Mangroves optimized: How to make coastal habitats sequester even more carbon

Of all the carbon buried in the floors of Earth's oceans, most of it is found in the narrow strip of tidal marshes, seagrass beds, and mangroves along their edge. Known as blue carbon ecosystems, these vegetated coastal habitats "occupy only 0.2% of the ocean surface, yet contribute 50% of the total amount of carbon buried in marine sediments," write researchers, led by Deakin University ecologist Peter Macreadie, in the journal Frontiers in Ecology in the Environment. Meter for meter, they're some of the most effective carbon storage systems we have. But could people make them even more effective?

Macreadie and colleagues pose that question, noting that present attentions are focused mostly on protection and restoration—which are unquestionably important, as roughly half of all vegetated coastal habitats have been lost to development, sea level rise, and extreme weather events. But even more is possible. Optimizing existing blue carbon ecosystems offers "the potential to profoundly alter carbon accumulation and retention," write the researchers, "providing new and previously undervalued strategies for mitigating climate change."

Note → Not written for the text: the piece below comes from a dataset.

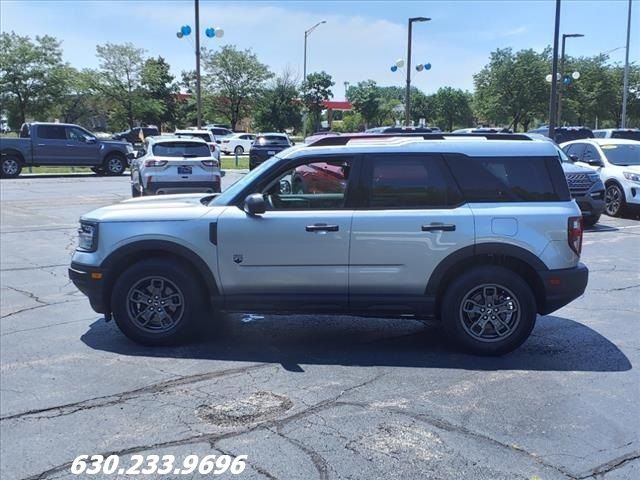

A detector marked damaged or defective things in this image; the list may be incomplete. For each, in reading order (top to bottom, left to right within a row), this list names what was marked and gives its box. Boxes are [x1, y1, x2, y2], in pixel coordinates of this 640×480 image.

cracked pavement [0, 176, 636, 480]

The researchers focus on three key environmental processes that control carbon breakdown and sequestration in these habitats. The first is nutrient pollution, especially nitrogen and phosphorus released from agricultural fertilizers and sewage, which leads to microbe and algae population shifts that reduce the amount of carbon stored by ecosystems. As a case study, they point to a 12-year-long study of a South Carolina salt marsh where fertilizer runoff produced a 40 percent loss in carbon stored in sediments.

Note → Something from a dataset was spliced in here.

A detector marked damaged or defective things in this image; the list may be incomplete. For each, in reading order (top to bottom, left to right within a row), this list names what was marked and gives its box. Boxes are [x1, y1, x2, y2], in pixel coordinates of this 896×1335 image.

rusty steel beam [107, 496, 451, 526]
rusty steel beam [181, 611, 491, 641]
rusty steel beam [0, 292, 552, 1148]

The second process is bioturbation, or the disturbance of sediments by shrimp, worms, crabs, and other organisms. Bioturbation sets off a cascade of other processes, and when bioturbators are present at relatively low densities, they enhance carbon storage. But at high densities, the opposite is true. Macreadie and colleagues note findings from New England, where an overharvesting of crab-eating fish led to an explosion of purple marsh crabs whose activity eroded salt marsh habitat. Those marshes became carbon sources, releasing about 6.6 tons of carbon per hectare annually. Where crab predators flourished, though, the marshes sequestered some 3.3 tons per hectare—a dramatic turnaround.